The denial as to the falling into the ditch, it must be conceded, is not very specific; and under the Code, as it stood originally, would probably have been pronounced insufficient. "A specific denial of every allegation of the complaint" was then required (§§ 149, 169), and every allegation, "if not controverted as prescribed," it was declared, should be "taken as true." In 1852, however, the words "not specially controverted" were superseded by the words "not controverted," and the words "specific denial" by the words "general or specific denial." The present action was commenced in 1855. The answer, therefore, is to be governed by the amended Code.

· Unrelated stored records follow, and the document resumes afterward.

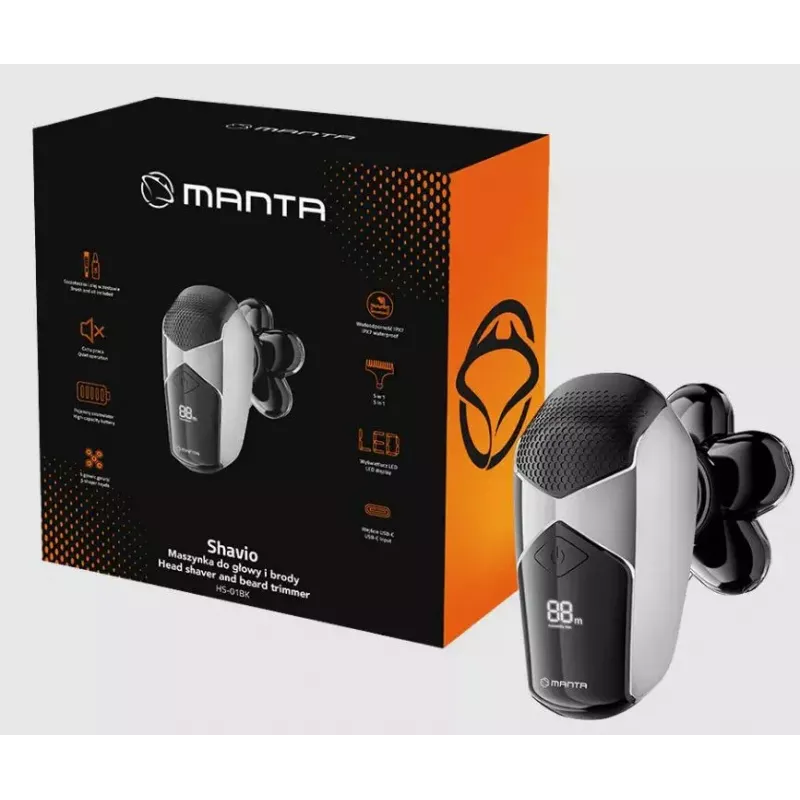 Manta HS-01BK Shavio hoofd- en baardscheerset, zwart/chroom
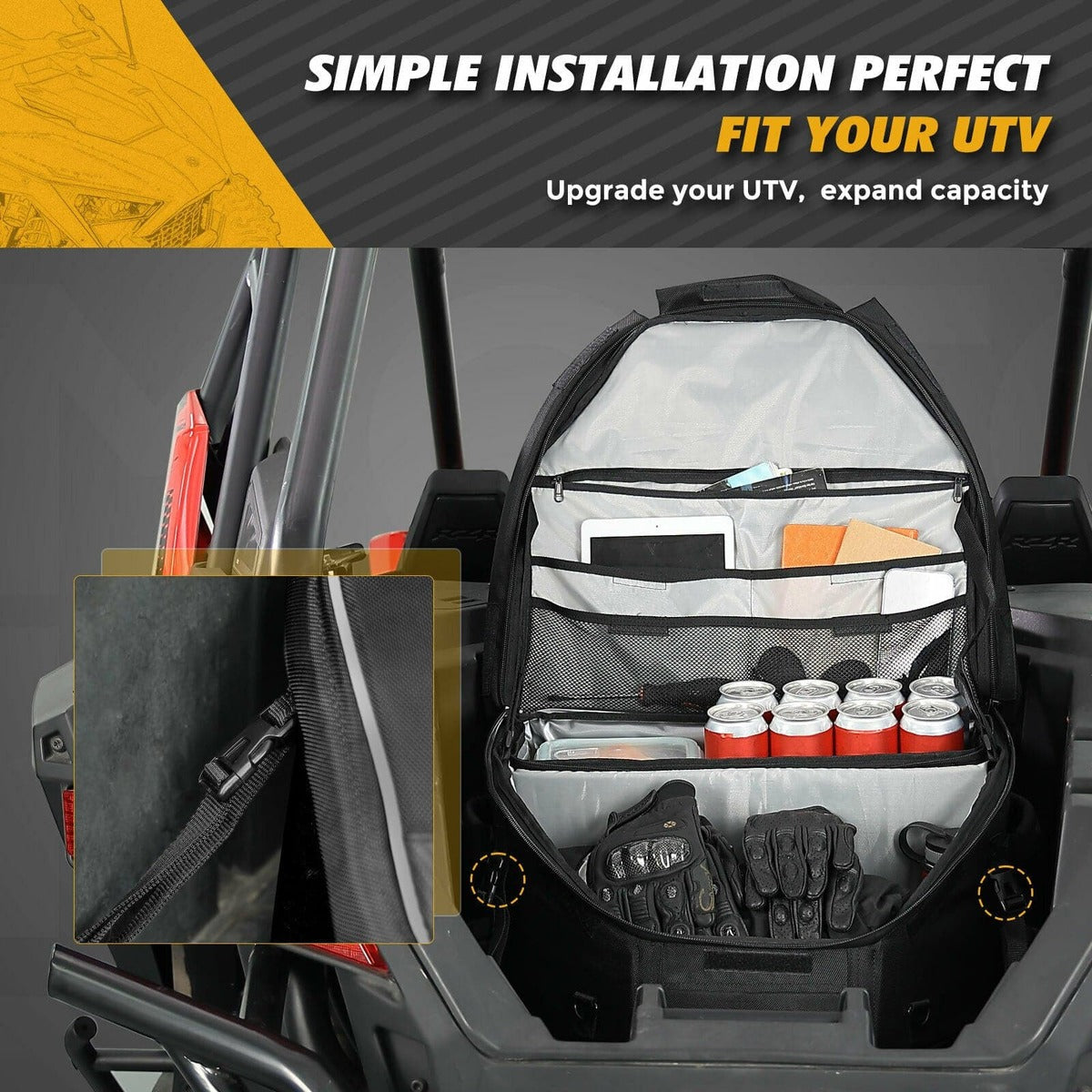 Kemimoto Polaris RZR XP 1000/ Turbo UTV Rear Storage Bag with Fixed Strap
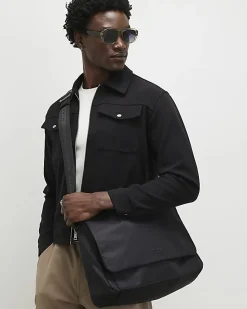 Black Nylon Messenger Bag
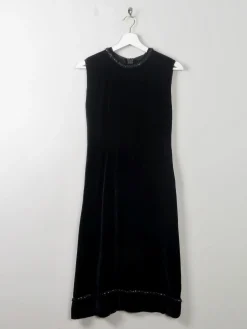 Vintage Black 1960s Velvet Shift Style Dress XS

And as it contains a "general denial" of the plaintiff's allegation of his having fallen into the ditch in the manner described, that allegation in all its parts, "for the purposes of the action," must be deemed to have been "controverted."
We consider the answer, notwithstanding, as open to criticism. It is a species of negative pregnant. But the plaintiff, if dissatisfied with the vagueness and uncertainty of the pleading, had his remedy by motion. Not having applied, at the proper time, for an order to compel the defendants to be "more definite and certain," he is presumed to have been satisfied with the pleading as it stood, especially as he knew that, under the present system, it was made "the duty of the court to construe pleadings liberally," and of course not to assume that parties, by implication, intended to admit when they could safely deny their adversary's case.
The point has been decided in this court, in a case which has not been reported here. At the March term, 1855, it had under review the action of Lawrence v. Williams, upon an appeal from a judgment of the Superior Court of the city of New York, which is reported in 1 Duer, 585. It *Page 123 was an action in the nature of ejectment, to recover the possession of certain premises which had been demised to the defendant, on the ground that he had broken the covenant not to underlet without the consent of the lessor. The defendant answered, denying that "in violation of the said covenant, andwithout the consent of said plaintiff, he had underlet the said premises." On the trial the plaintiff gave in evidence the lease containing the covenant not to underlet, and a general clause of reëntry, and rested. The plaintiff had a verdict on the ground that the answer did not deny the fact of underletting, and the judgment was affirmed at a general term. The court held that the answer admitted the underletting, and that it took issue merely upon the allegation that such underletting was without the consent of the plaintiff. On the appeal here, this court reversed the judgment. The opinion which prevailed was prepared by GARDINER, then Chief Judge. It has not been furnished to the reporter; but, on inquiry of that officer, I find that he entered in his minutes the conclusion to which the court arrived, as follows: "The plaintiff should have proved the underletting. The answer, although it contains a negative pregnant, puts in issue the subletting." The case is in principle precisely like the present, and must determine the judgment we have now to render.
The judgment of the Supreme Court must be reversed and a new trial awarded.